If all of the plates have zero counts, the MLE is zero:

```
all_zero <- c(0, 0) #Ni
(apc_all_zero <- apc(all_zero, my_amount_scor)$APC)
#> [1] 0
my_lambda <- seq(0, 1000, length = 1000)
L_all_zero <- L_vec(my_lambda, all_zero, my_amount_scor)
plot(my_lambda, L_all_zero, type = "l", ylab = "Likelihood",
main = "All Zeroes")
abline(v = apc_all_zero, lty = 2, col = "red")
```

`apc()`

computes the confidence interval of \(\lambda\) using the likelihood ratio approach described in Haas et al. (*3*).
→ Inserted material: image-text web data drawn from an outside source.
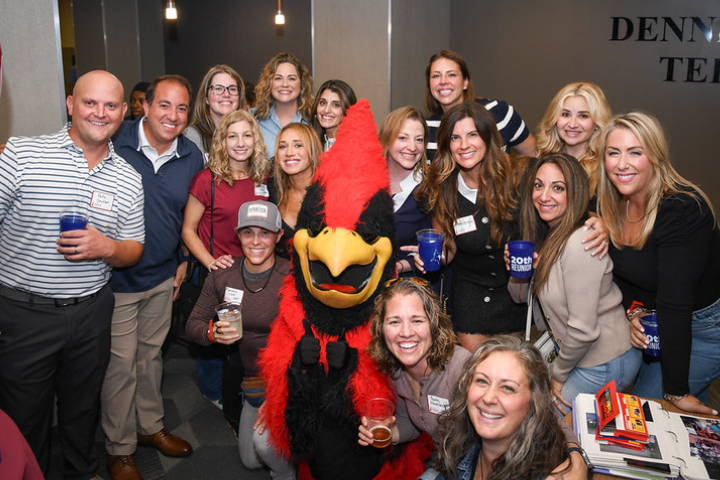 Alumni gathering for a 20th reunion photo with Beaks the mascot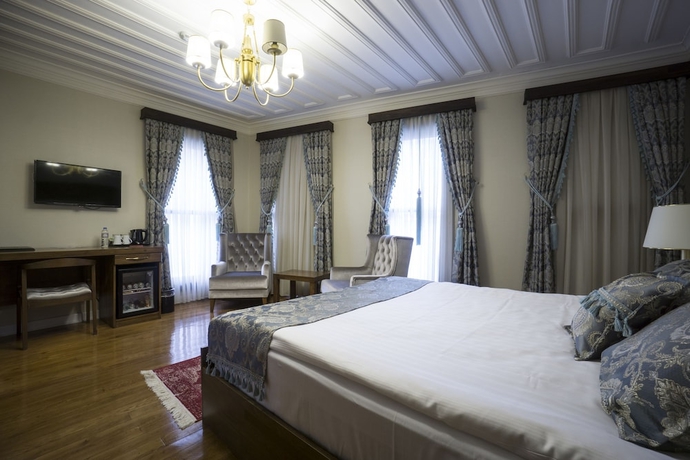 Imagen de la habitación del Mezzo Hotel. Foto 6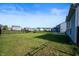 Spacious backyard with healthy green lawn and black metal fence at 1328 Plover Dr, Greenwood, IN 46143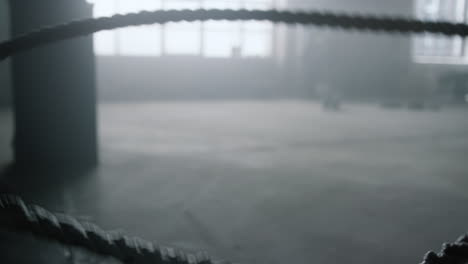 athlete working with battle ropes. woman practicing crossfit exercise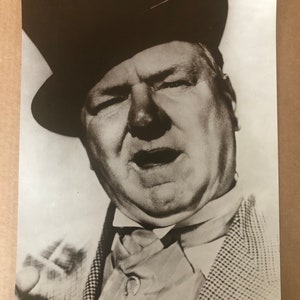 Peut inclure: Photographie en noir et blanc d'un homme portant un haut-de-forme et une veste de costume à motifs. Il regarde directement la caméra avec une expression sérieuse.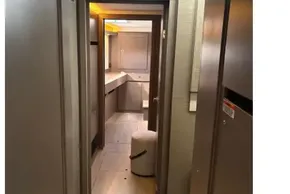 Interior hallway of 2025 Leopard 46 yacht, featuring modern design and wood finishes.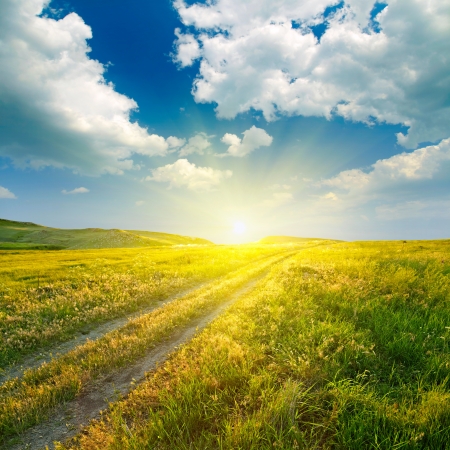 Summer landscape with green grass, road and cloudsの写真素材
However, since this approach relies on large-sample theory, the results are more reliable for larger experiments.

```
my_count <- c(28, 20)
my_amount_scor <- 1 * c(.001, .001)
my_amount_tntc <- 1 * c(.01, .01)
my_tntc_limit <- c(300, 250)
(my_apc <- apc(my_count, my_amount_scor, my_amount_tntc, my_tntc_limit))
#> $APC
#> [1] 30183.83
#>
#> $conf_level
#> [1] 0.95
#>
#> $LB
#> [1] 26792.25
#>
#> $UB
#> [1] 34963.34
my_lambda <- seq(25000, 36000, length = 1000)
my_L <- L_vec(my_lambda, my_count, my_amount_scor, my_amount_tntc,
my_tntc_limit)
plot(my_lambda, my_L, type = "l",
ylab = "Likelihood", main = "Maximum Likelihood")
abline(v = my_apc$APC, lty = 2, col = "red")
abline(v = my_apc$LB, lty = 3, col = "blue")
abline(v = my_apc$UB, lty = 3, col = "blue")
```

Bacteriological Analytical Manual, 8th Edition, Chapter 3, https://www.fda.gov/food/foodscienceresearch/laboratorymethods/ucm063346.htm

Haas CN, Heller B (1988). “Averaging of TNTC counts.”

*Applied and Environmental Microbiology*, 54(8), 2069-2072. https://aem.asm.org/content/54/8/2069Haas CN, Rose JB, Gerba CP (2014). “Quantitative microbial risk assessment, Second Ed.”

*John Wiley & Sons, Inc.*, ISBN 978-1-118-14529-6.